Just had lunch with my pal Jen which is always entertaining, always enlightening and always thought provoking as we are both in varying stages of life-crisis...though of very different varieties. In any event, we discussed being "in limbo" and its inherent suckishness. Limbo, to me, brings to mind multicolored Caribbean dancers winding their way under impossibly low bamboo poles. Turns out, however, that limbo is a catholic concept referring to the "edge" of Hell and people who don't have what it takes to get into Heaven right away but also haven't yet been etched onto the naughty list and therefore still have the possibility of redemption and the trip North. Limbo refers to the waiting room where these poor souls end up, which, I now picture to be much like the DMV waiting room, with tickets and windows and numbers being called so incredibly slowly that you think it quite possible that you might just spend eternity there waiting.

Wikipedia kindly directed me to other related topics, one of which was "Spirit prison." Leave it to the Mormons to take the DMV experience to a whole new level. In their afterworld the DMV turns into a giant classroom where you have one more chance to repent and accept the ordinances of salvation (and by these I don't think they're referring to armaments though I am having a flash to the Holy hand grenade of Antioch...so maybe they are, but I digress) and get your ticket punched for the pearly gates. Should you, however, turn out to be ineducable, they just LEAVE you there, listening to the lecture over and over and over again until you either get it or the end of the Millennium arrives when you will be freed from that experience and achieve resurrection. Now, if being stuck in a DMV lecture hall isn't, actually, hell, then I shudder to think what fate could be worse. I suspect that most of their folks pass on the second try. Just a guess.

I love Wikipedia, because I now know that the Jews have added their own fascinating twist to this. Their limbo is called Gehenna, which is a waste yard of a valley where the wicked dead go for one last chance at spiritual purification. The Jews are much more reasonable in their approach to redemption as this purification process is limited to a 12 month period and you get the Sabbath off from punishment, so it's really just a 6-day a week stint. Once your twelve months are up you either ascend or end up in the molten lake of fire! Better than an eternal DMV hell I think.

According to our friends at Merriam and Webster, limbo is also a place or state of restraint or confinement, a place or state of neglect or oblivion, or state of uncertainty, from the Latin for "border."

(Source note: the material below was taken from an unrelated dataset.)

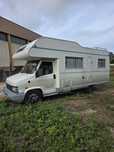 Auto caravana peugeot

I find myself in limbo enough to really wonder about it. I am in different phases of limbo when it comes to different issues in my life. There are things in my life about which I have felt uncertain for a few weeks, and there are some things that I have been uncertain about or neglecting for an embarrassingly long period of time (so long I will not assign a number to it here).

I wonder, do the people who end up in the eternal DMV of the afterlife do so because they never resolved their limbo in the fore-life? Maybe it is not really the bad and goodness, so much, of one's nature that determines the outcome, but rather the ability to commit and truly live their lives in a constant state of certainty?

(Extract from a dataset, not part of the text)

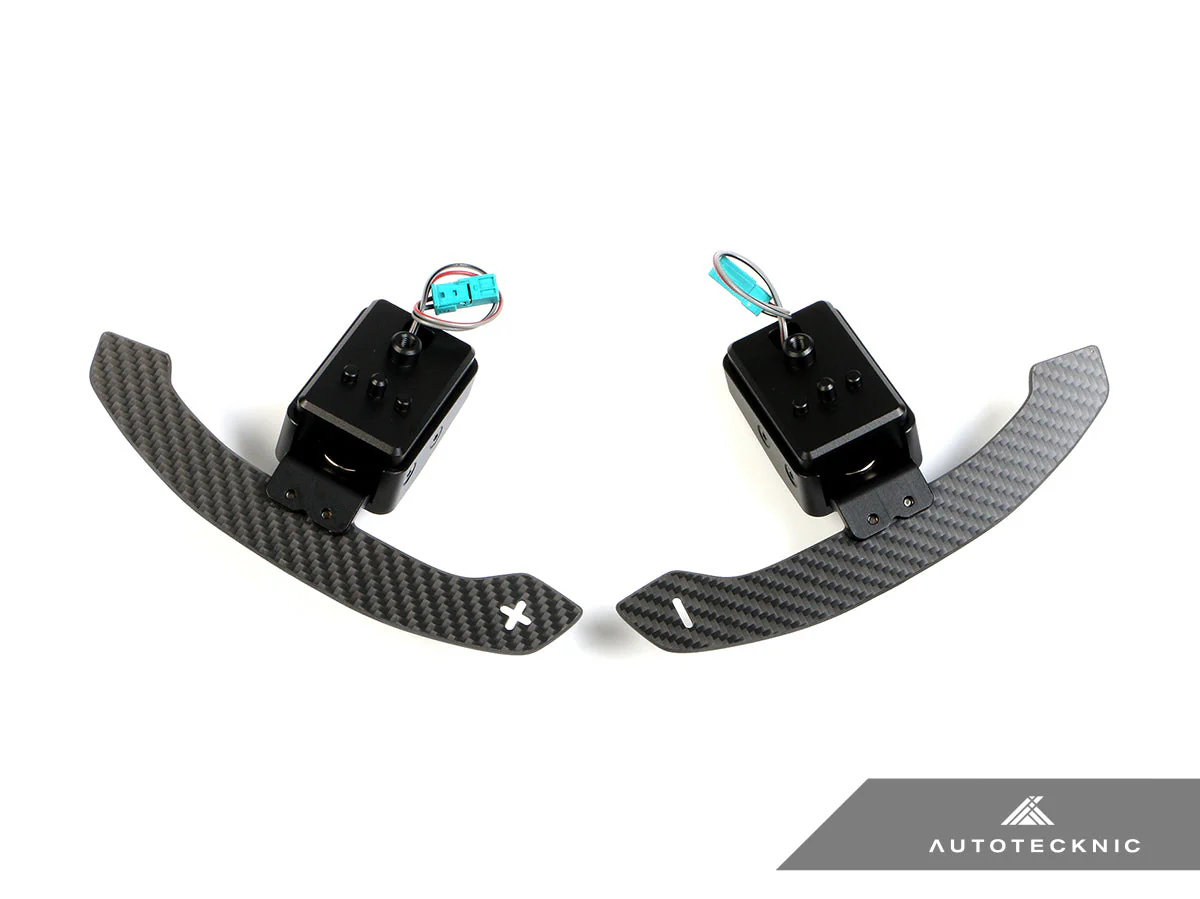 AutoTecknic Magnetic Corsa Shift Paddles - F95 X5M | F96 X6M - Image 10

Jen suggests that maybe it's all about the process, and that limbo is your opportunity to work things through, to gain perspective, to be in a place to make decisions.

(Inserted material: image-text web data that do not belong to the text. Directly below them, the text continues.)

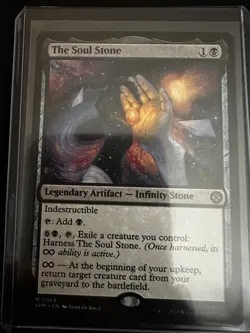 The Soul Stone Marvel's Spider-Man Regular - Image 1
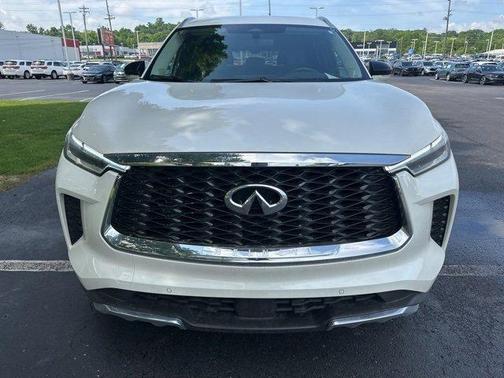 2022 INFINITI QX60 SENSORY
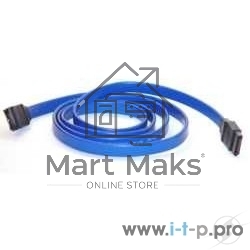 Кабель Gembird Кабель Serial ATA 7P-7P 90/100см CC-SATA-DATA-XL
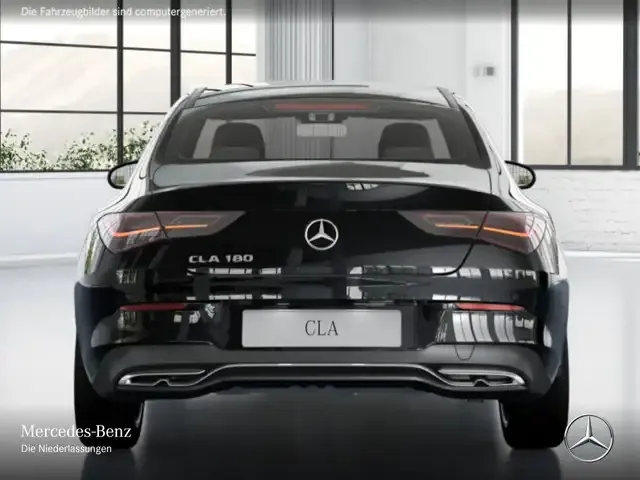 Mercedes-Benz CLA 180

Or maybe the whole thing IS limbo. Maybe all we get is right now, and our inability to recognize that fact is what creates a schism that we have labeled as limbo....where we wait, in vain, for something to happen, not recognizing that the happening is now and now and now and that, in waiting for resolution, we are missing the nows which results in great angst for us. Perhaps it really is as simple as donning a vibrant costume and dancing your way through life, instead of spending the day waiting for your name to appear at window number 9.